(Provided material):
--*--

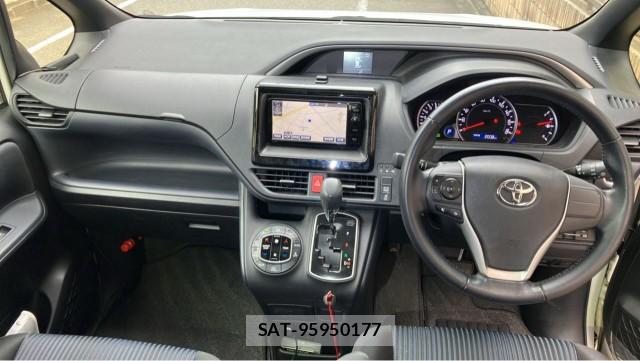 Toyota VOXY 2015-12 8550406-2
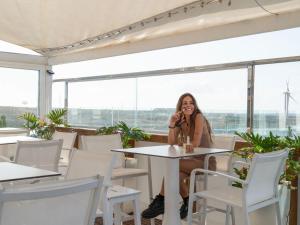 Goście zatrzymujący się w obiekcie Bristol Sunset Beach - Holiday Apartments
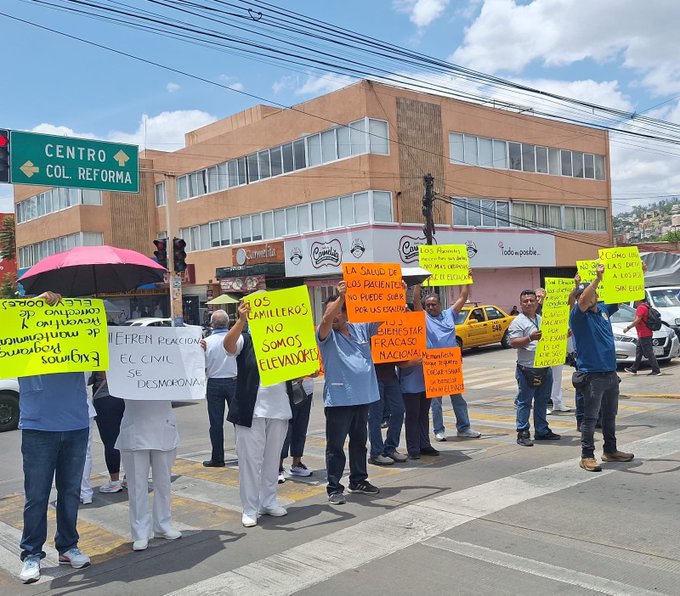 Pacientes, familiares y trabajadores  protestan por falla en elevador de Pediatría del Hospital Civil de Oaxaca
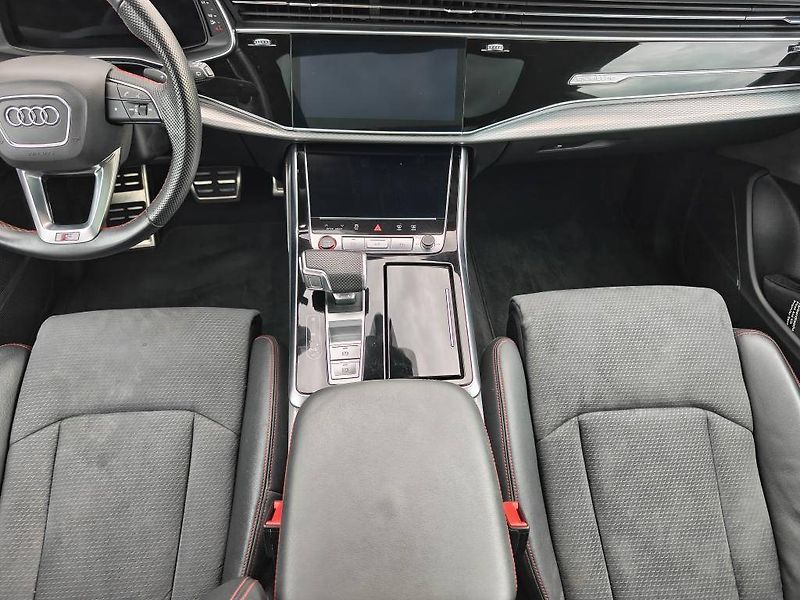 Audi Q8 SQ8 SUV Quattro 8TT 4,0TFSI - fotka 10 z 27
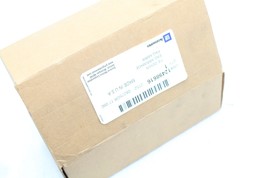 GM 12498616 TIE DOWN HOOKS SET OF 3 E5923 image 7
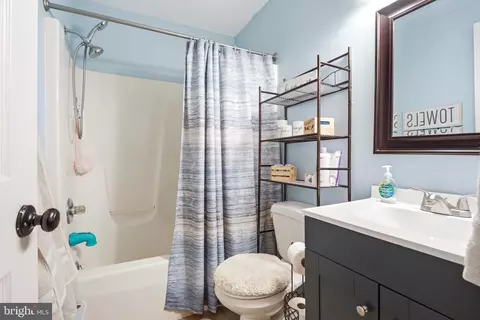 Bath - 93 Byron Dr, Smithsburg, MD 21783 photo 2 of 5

--*--

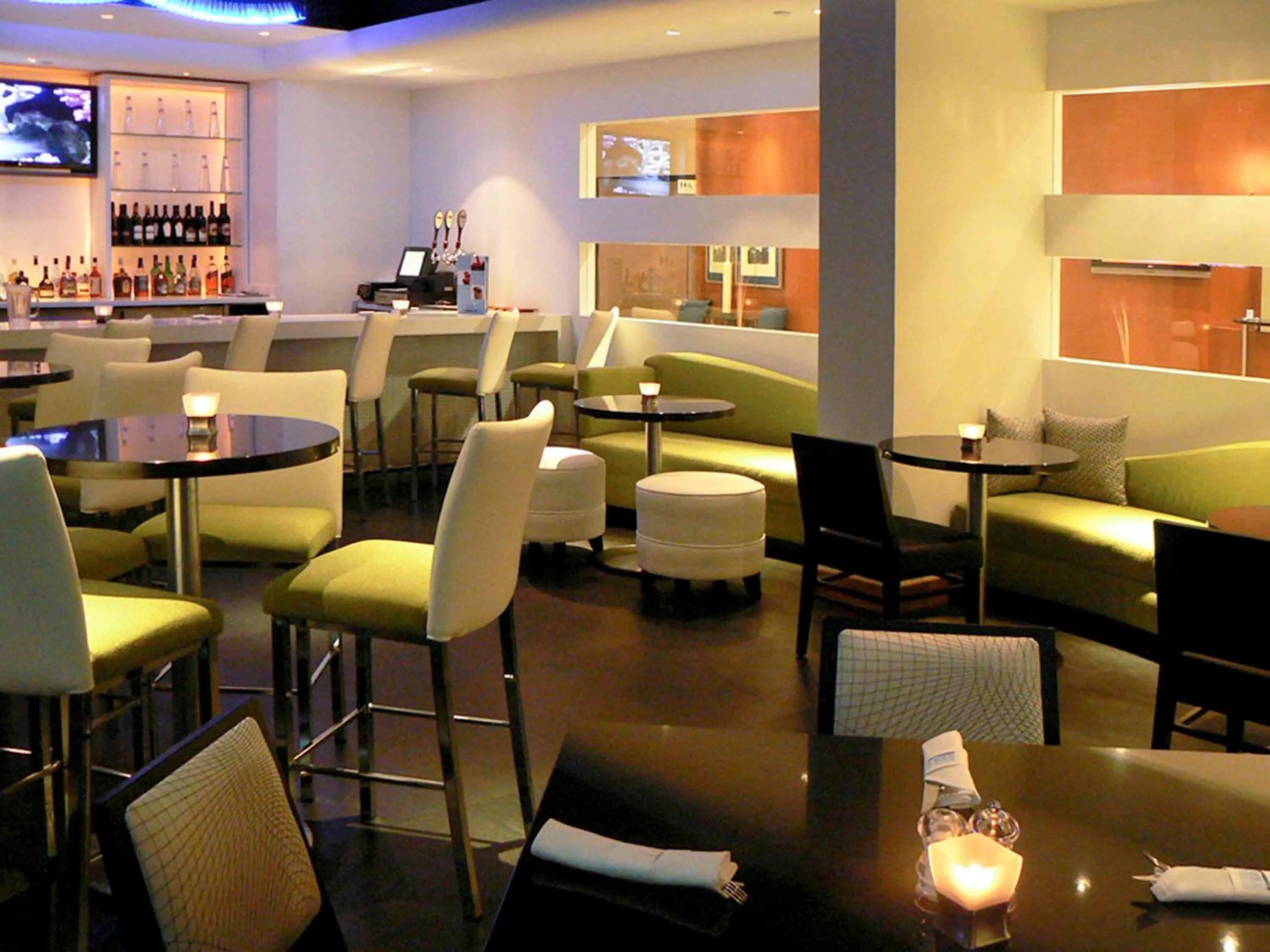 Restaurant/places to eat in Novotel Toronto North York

--*--

(Work required): Word for word, repeat the lines above from the one with "Audi Q8 SQ8" through the one with "Bath - 93 Byron", and nothing beyond them. Omit the pictures.

(Written answer):
 Audi Q8 SQ8 SUV Quattro 8TT 4,0TFSI - fotka 10 z 27
 GM 12498616 TIE DOWN HOOKS SET OF 3 E5923 image 7
 Bath - 93 Byron Dr, Smithsburg, MD 21783 photo 2 of 5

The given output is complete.